Water management crucial in fight against rising tide of ecosystem damage
Water must be managed within sustainable limits in order to stop the damage to ecosystems, says the European Environment Agency (EEA).
According to a report published today, pollution and excessive water use are harming ecosystems across Europe which are indispensable to Europe’s food, energy, and water supplies.
Entitled ‘European waters – current status and future challenges’, the report brings together findings from nine other EEA reports published during the course of 2012 and early 2013.
The EEA say the importance of ecosystems are not constrained to biodiversity but also include the vital services they provide. For example, restoring a wetland is not only good for biodiversity but also water filtration, water retention and flood prevention.

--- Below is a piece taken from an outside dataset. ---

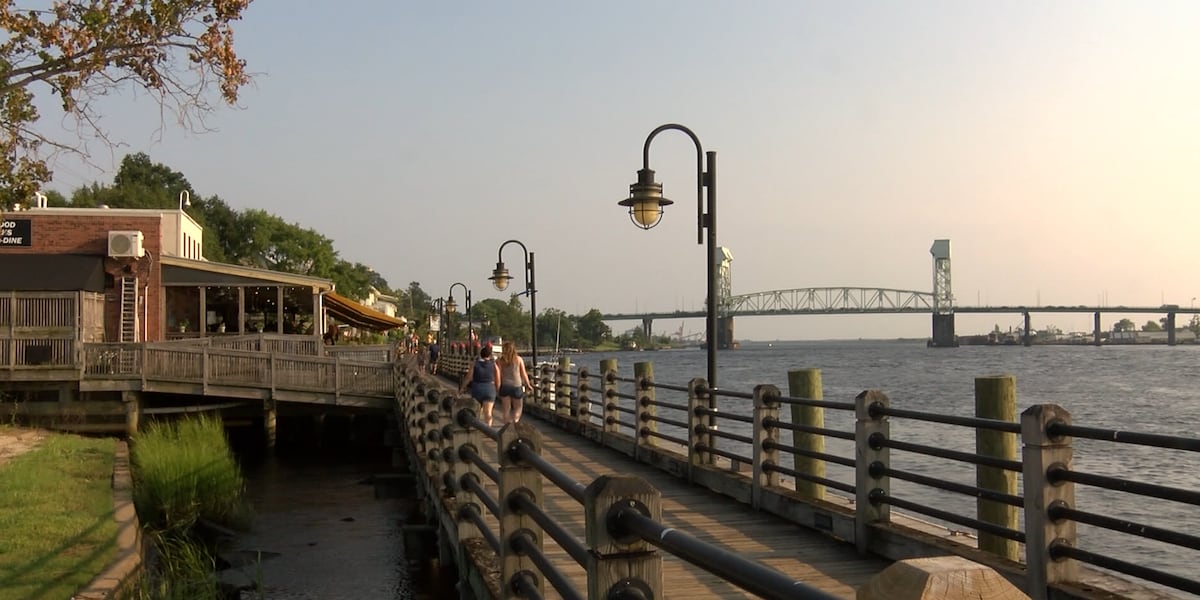 FishingTweets31's tweet card. The Wilmington Vegan Chef Challenge has announced who won the challenge after over 450 votes were cast during the course of a month.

EEA executive director Jacqueline McGlade said: “Water is finite, and cannot continue to absorb limitless amounts of pollution without damaging the resources and ecosystems we rely on.

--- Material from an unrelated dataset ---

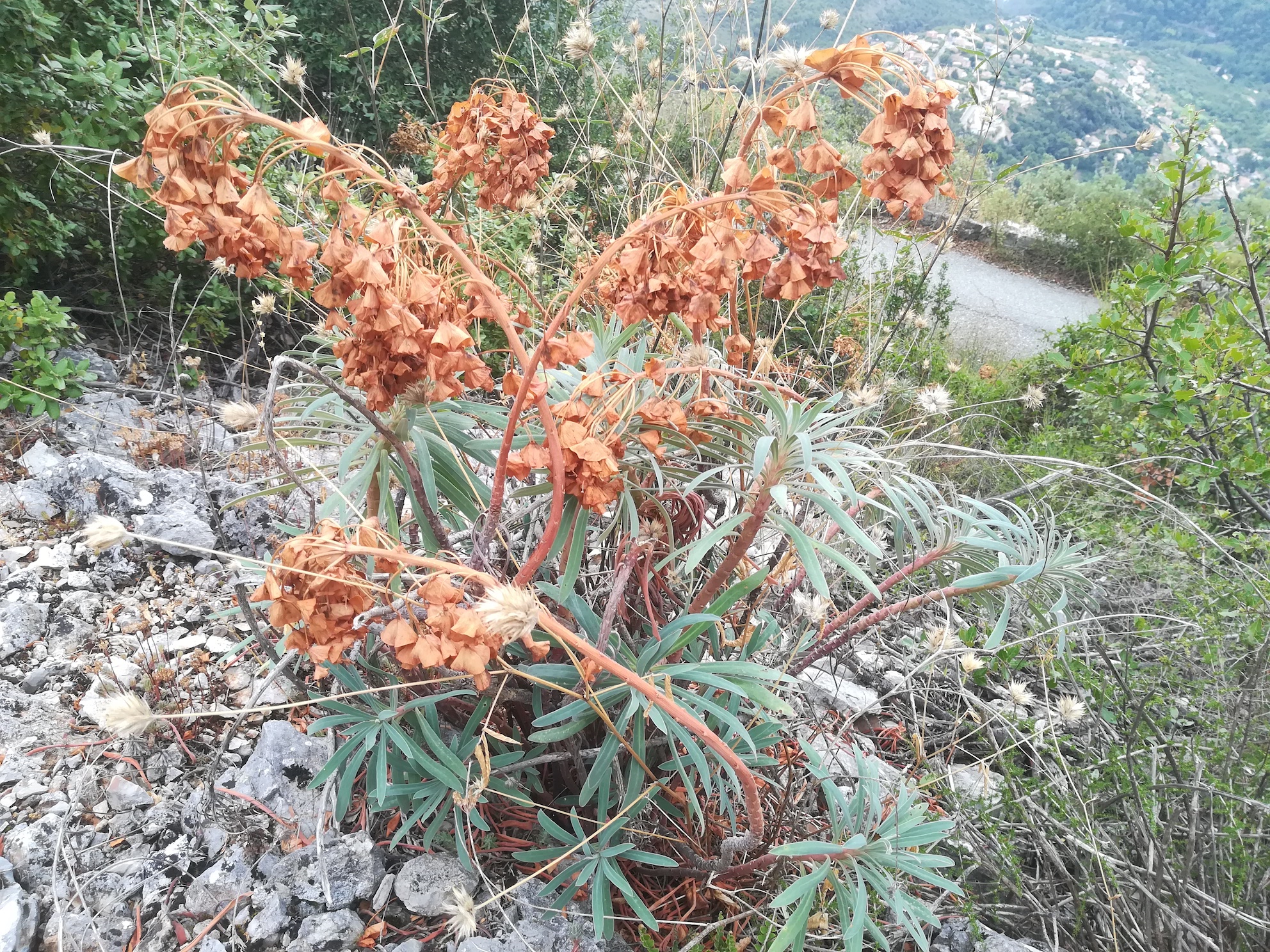 euphorbia characias mont d'aspremont nizza riviera seealpen mediterran frankreich_20210805_104334.jpg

“Farmers, planners and companies need to cooperate more, to make sure that the combined pressures on ecosystems do not pass harmful limits.”
The report reveals that less than half (48%) of Europe’s surface water bodies are likely to be in good ecological status by 2015, and it points to agriculture as one of the main culprits in using water inefficiently.
The EEA also says that energy production has a high impact on water resources claiming that biofuel production can be water intensive, while hydropower plants often divert water used for other sources.
Flooding is on the rise across Europe according to the report, with more than 325 major river floods reported in Europe since 1980, of which more than 200 have been reported since 2000.
The number of countries affected by drought per decade has also increased, from 15 in the period 1971-1980, to 28 in the period 2001-2011.
The European Commission’s Water Blueprint published this month, offered a number of solutions to Europe’s water problems and today’s report underpins the Blueprint’s recommendations.
According to the report, incentives to reduce water wastage such as reconsidering pricing structures for water use or domestic metering are crucial.